Von THEO HOFFNUNGSTHAL
„Doch!“, sage ich zur Backwarenverkäuferin, als sie auf meine achtjährige Tochter und mich deutet, um zu klären, wer als nächstes bedient werden soll. Das passiert regelmäßig. Irgendwie wird mir ein Kind nicht zugetraut. Meine Tochter (die gerade eine heteronormative Phase durchmacht) bedauert, dass ihre Mütter alle Kurzhaarfrisuren haben (es sind derzeit vier Kurzhaarige, die von ihr diesen Status zugesprochen bekommen). Aber sie findet meine Hemden und Bügelfaltenhosen (old school Butch-Lesben-Style) hübsch, das sagt sie zumindest.

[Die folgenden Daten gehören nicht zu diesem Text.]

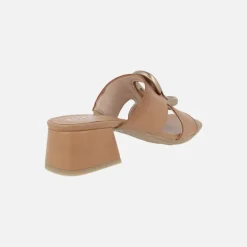 Mules de piel con adorno dorado y tacón ancho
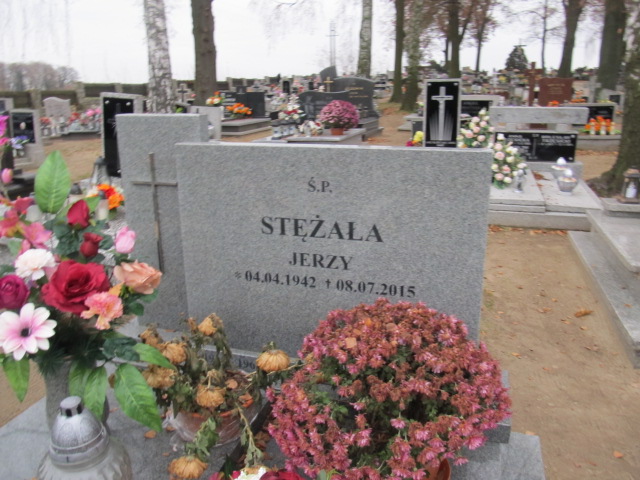 Jerzy Stężała 1942 Trzcinica - Grobonet - Wyszukiwarka osób pochowanych
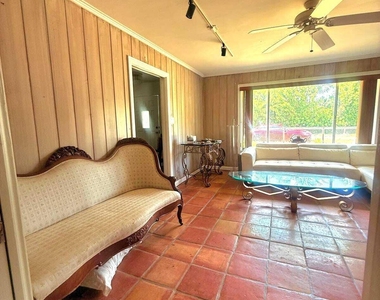 13886 N 22nd Road N - Photo Thumbnail 20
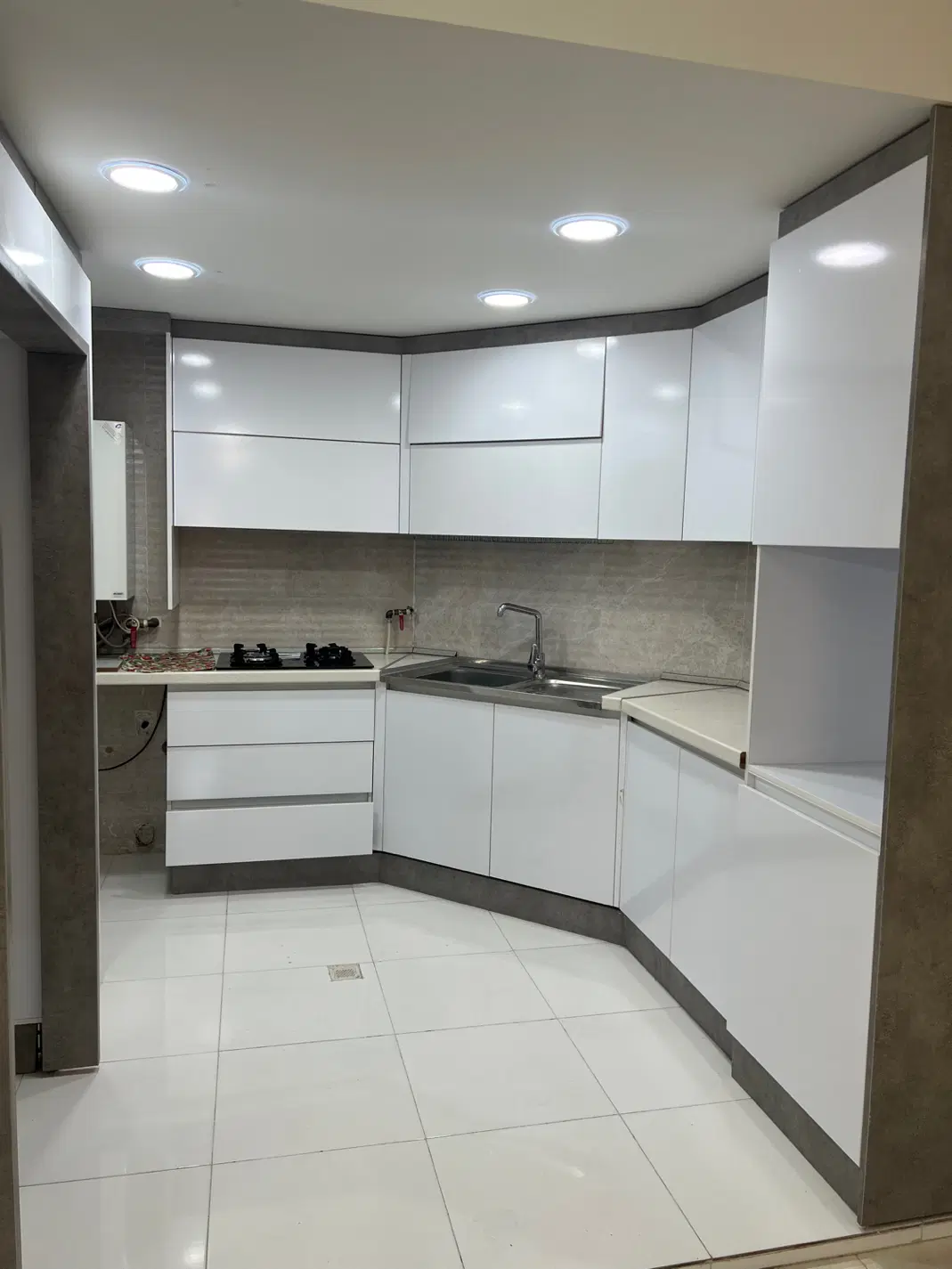 فروش آپارتمان یکخواب شخصی ساز در صدرا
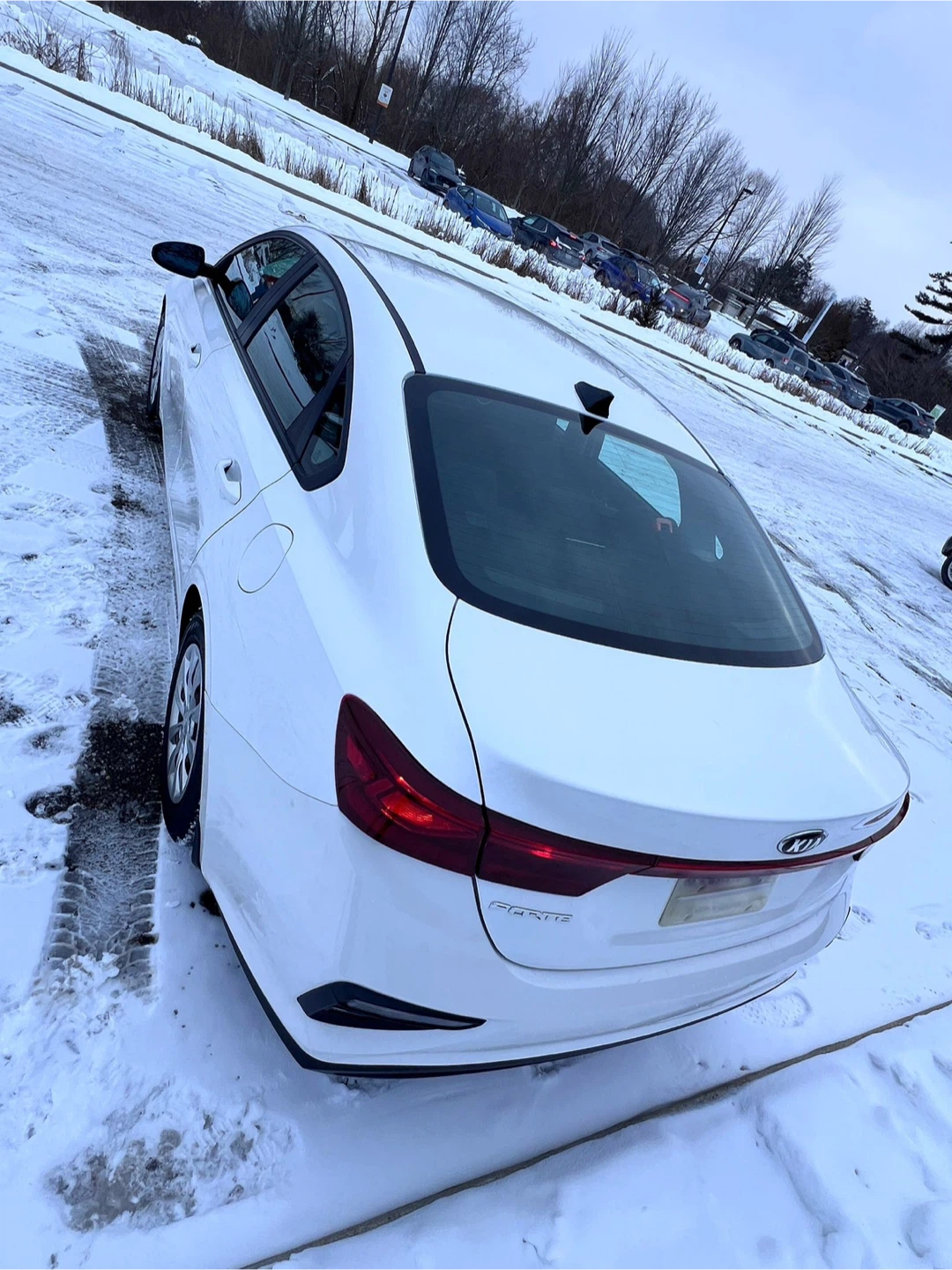 White Kia Forte LX Sedan  2019 - photo 3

Ich weiß nicht, ob es nur an meinem äußeren Erscheinungsbild liegt, doch offenbar ist die Frage „Wie sehen Mütter aus – oder wie sehen sie nicht aus?“ in meinem Alltag relevant. Daran anschließend: Wie sprechen und agieren sie? Und wer darf überhaupt Mutter werden/sein/bleiben? Mein Bedürfnis, mit meiner Tochter in Verbindung gebracht zu werden und andersrum, ist ein komplexes Konglomerat aus emotionalen bis politischen Selbstverständnissen und Selbstbehauptungen.
Andererseits empfand ich es, als meine Tochter ein Baby war, als Tortur, mit dem Kinderwagen unterwegs zu sein. Meine ganze Queer-Performance verschwand vollends hinter diesem klobigen Gefährt. Der sonst übliche Augenkontakt auf der Straße mit anderen Queers, ein kurzer, verstohlener Erkennungs-Smile, ein Flirt maybe … vorbei! Meine Blicke konnten die anderen Blicke gar nicht mehr kreuzen, weil die gar nicht mehr schauten! Der Kinderwagen, vollgepackt mit Kind und überquellend mit Drogerieartikeln, blockierte vollständig deren Sicht! Der Wagen fungierte als Hetero-Tarnmaske, meine queeren Blicke dahinter wurden unlesbar und trafen stattdessen auf ein (hetero-)seeliges Lächeln hinter dem nächsten Backwaren-Tresen.
Theo Hoffnungsthal behauptet gern, sie habe beim Sex mit ihrer Ex-Frau einfach nicht aufgepasst, und findet, dass sie sich als Lesbe ohne Kinderwunsch sehr gut mit ihrer Tochter versteht.